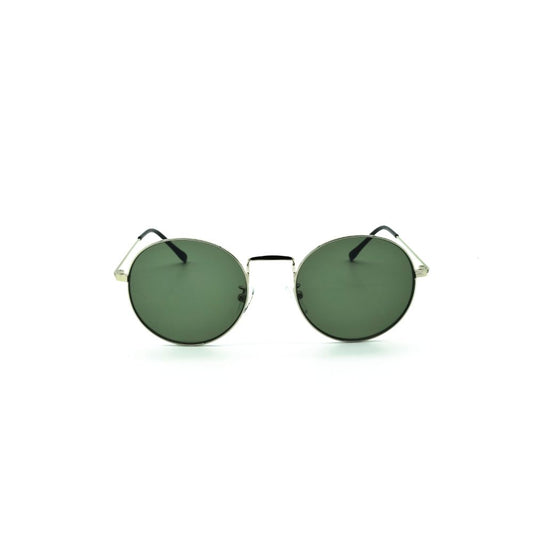 Polo Exchange, Unisex Sunglasses, Green Lenses, Silver Frame, Silver Temple.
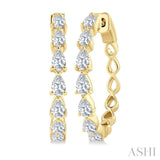 1 1/2 Ctw North-South Pear Shape Diamond Fashion Hoop Earrings in 14K Yellow Gold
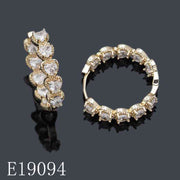E19094 - 18K Gold Plated Heart Cut Cubic Zirconia Hoop Earrings – Sparkling CZ Huggie Hoops for Women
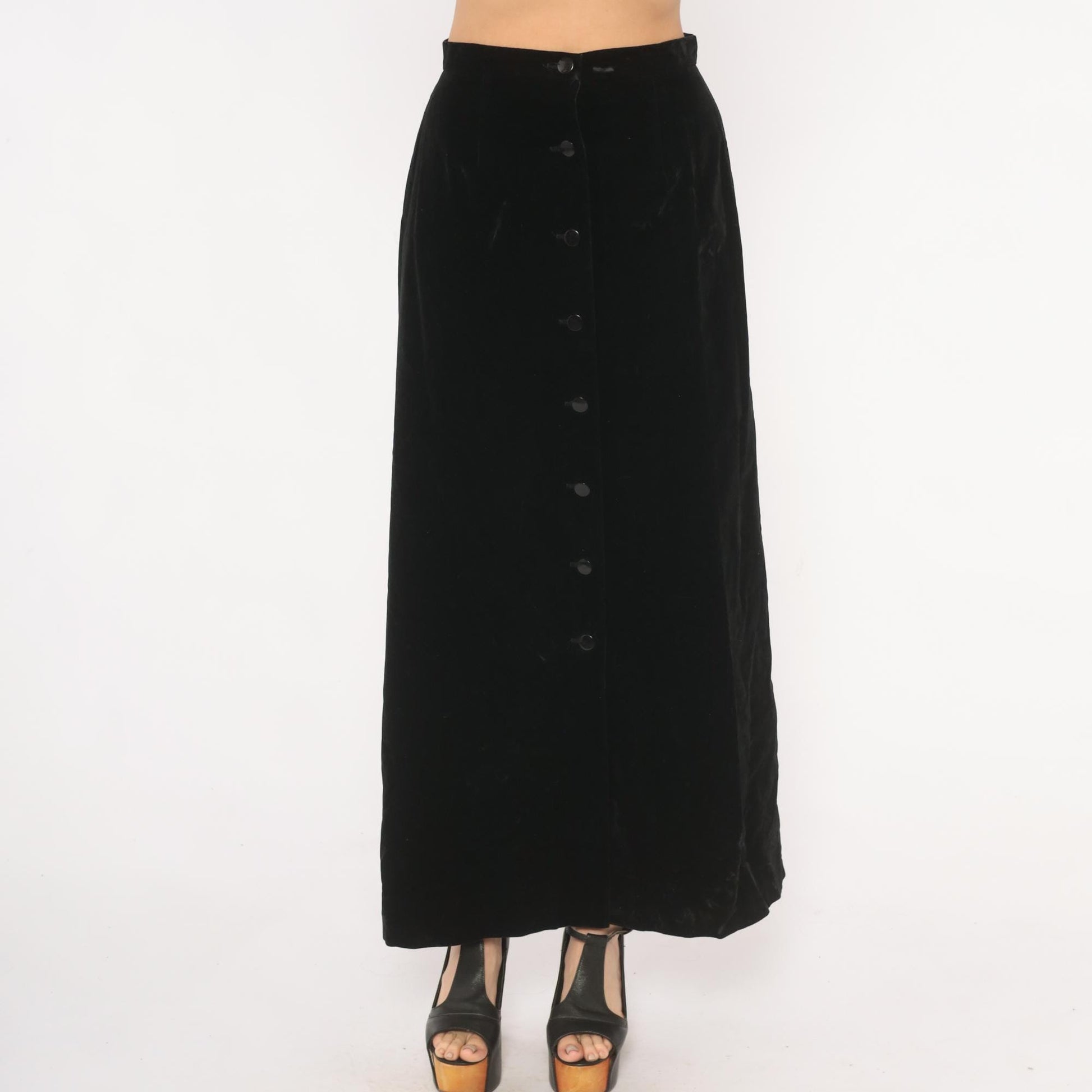90s Black Velvet Maxi Skirt Button Front A-Line High Waist Small S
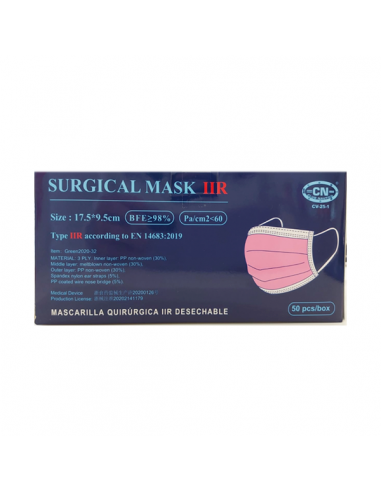 MASCARILLA QUIRÚRGICA COLOR ROSA 50 UNIDADES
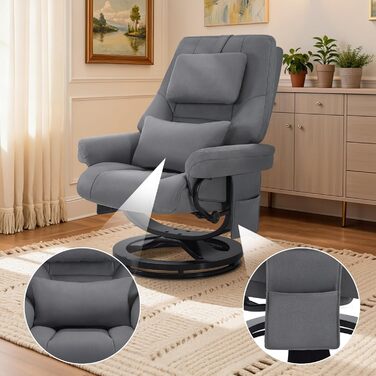 Крісло-реклайнер з функцією відкидання, крісло для читання, поворотне на 360 крісло для телевізора з підставкою для ніг, регульованим підголівником, поперековою подушкою та бічною кишенею, крісло для телевізора для вітальні, 9046 (сірий) сіра мікрофібра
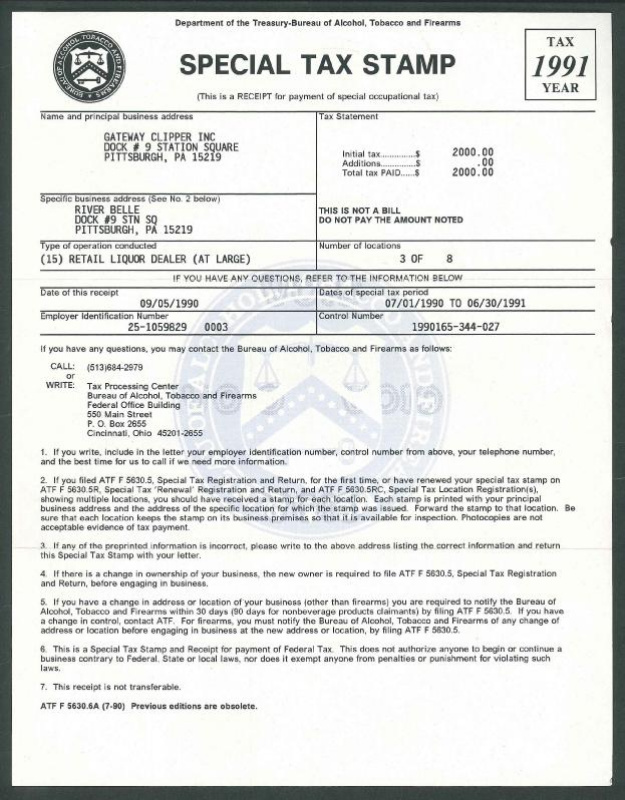 Retail Dealer in Liquors At Large F.Y.E. 1991 $250 black & light blue issued to Gateway Clipper, Inc. River Belle, VF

**********

ABOUT THIS TASK - Exercise for the records above: copy only the lines from the one with "E19094 - 18K" to the one with "MASCARILLA QUIRÚRGICA COLOR ROSA 50 UNIDADES", both ends kept, and drop the pictures.

EXERCISE RESPONSE -
E19094 - 18K Gold Plated Heart Cut Cubic Zirconia Hoop Earrings – Sparkling CZ Huggie Hoops for Women
90s Black Velvet Maxi Skirt Button Front A-Line High Waist Small S
 MASCARILLA QUIRÚRGICA COLOR ROSA 50 UNIDADES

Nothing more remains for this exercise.